The consensus price target of $205.67 implies essentially flat performance from the current price of $206.96, suggesting analysts see limited upside even after the stock's recent consolidation. The range of targets spans from a low of $169.00 to a high of $212.00, with the mean sitting just $1.29 below the current trading level. This tight clustering around the current price—combined with the absence of any bullish ratings—indicates analysts are adopting a wait-and-see posture, likely requiring multiple quarters of improved execution before upgrading their stance.
Part 4: Technical Picture
Chart Industries enters earnings with weakening technical momentum that mirrors the deteriorating fundamental picture. The Barchart Technical Opinion currently shows a 48% Buy signal, down sharply from 88% Buy just one week ago and 100% Buy one month ago—a dramatic collapse in technical strength that suggests growing selling pressure or loss of upside momentum.
Timeframe Analysis:
- Short-term (50% Buy): Neutral reading indicates near-term momentum has stalled after the recent decline from stronger buy signals
- Medium-term (50% Buy): Moderate buy signal suggests the intermediate trend remains constructive but lacks conviction
- Long-term (50% Buy): Neutral longer-term signal reflects uncertainty about the stock's directional bias over extended timeframes
Trend Characteristics: The signal strength is rated as Weak with direction characterized as Weakest, indicating the stock is in a fragile technical environment with minimal momentum support heading into the earnings release.

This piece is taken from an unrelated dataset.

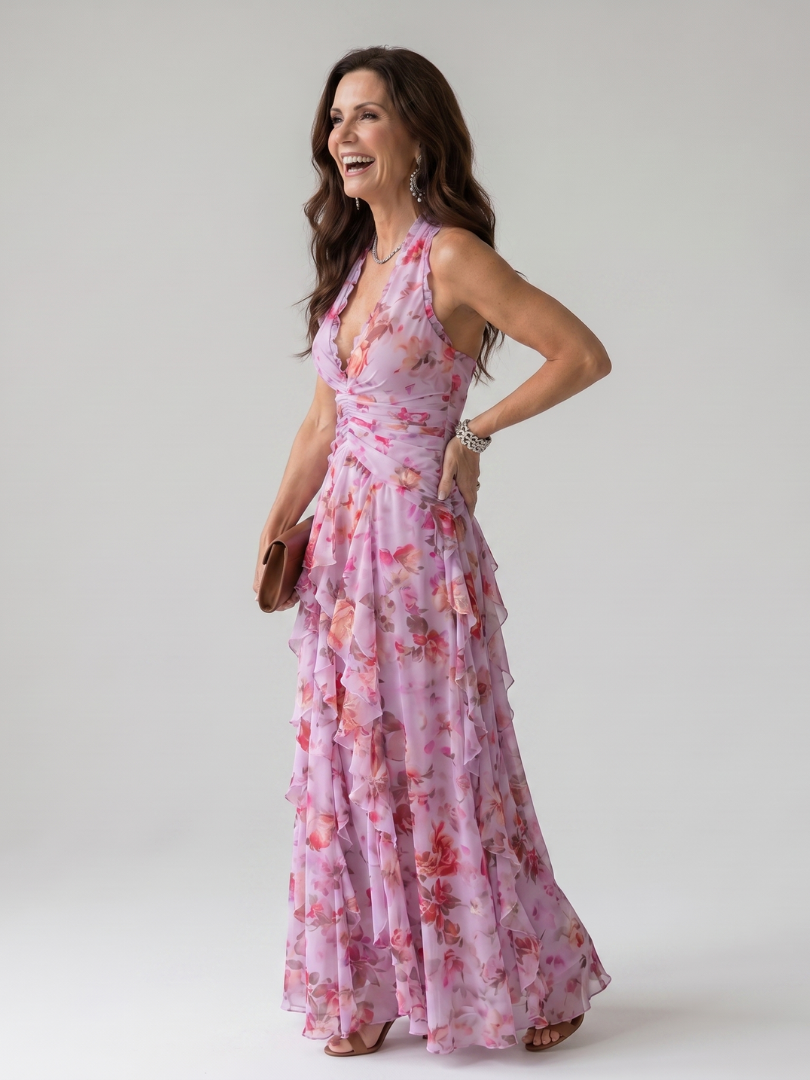 Nori | Halterneck Rüschentop Floral Maxi Kleid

The stock is trading at $206.96, positioned below its 5-day ($207.41), 10-day ($207.61), 20-day ($207.77), 50-day ($207.45), and 100-day ($207.17) moving averages, but above its 200-day moving average ($203.95). This configuration—where the stock sits beneath all short- and intermediate-term averages but above the long-term trend line—suggests recent weakness within a broader consolidation pattern.

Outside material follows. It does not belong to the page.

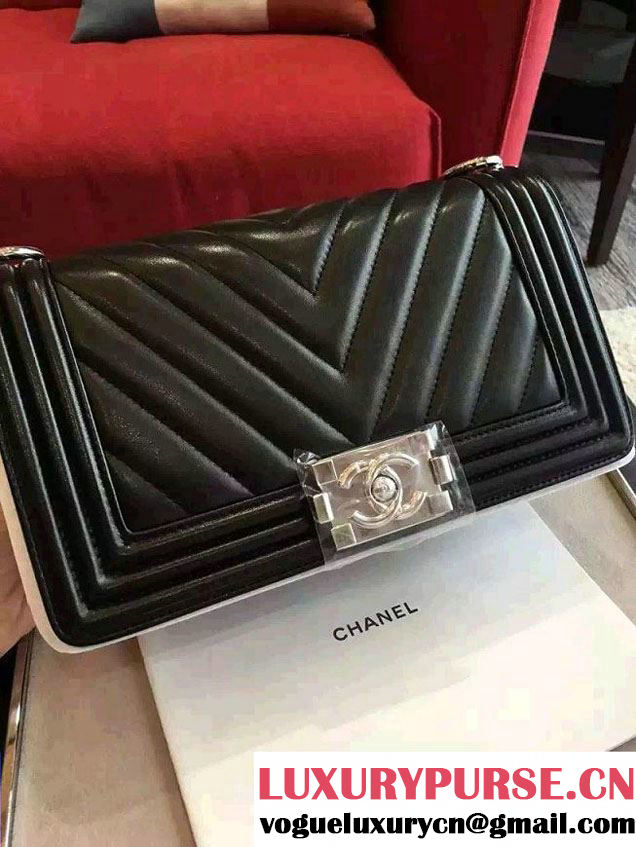 Chanel Shine Hardware Calfskin Boy Chevron Flap Medium Bag Black 2016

| Period | Value | Period | Value |
|---|---|---|---|
| 5-Day MA | $207.41 | 50-Day MA | $207.45 |
| 10-Day MA | $207.61 | 100-Day MA | $207.17 |
| 20-Day MA | $207.77 | 200-Day MA | $203.95 |
The technical setup heading into earnings is cautionary. The sharp deterioration in the Barchart Technical Opinion from 100% Buy to just 48% Buy in one month, combined with the stock's position below all near-term moving averages, indicates weakening momentum and potential vulnerability to further downside if earnings disappoint. The tight clustering of moving averages in the $207-$208 range suggests the stock is consolidating, with the 200-day moving average at $203.95 providing the nearest meaningful support level. Given the weak trend characteristics and absence of bullish technical signals, the setup offers little cushion for another earnings miss—but could generate an outsized positive reaction if the company manages to beat estimates and reverse the recent pattern of disappointments.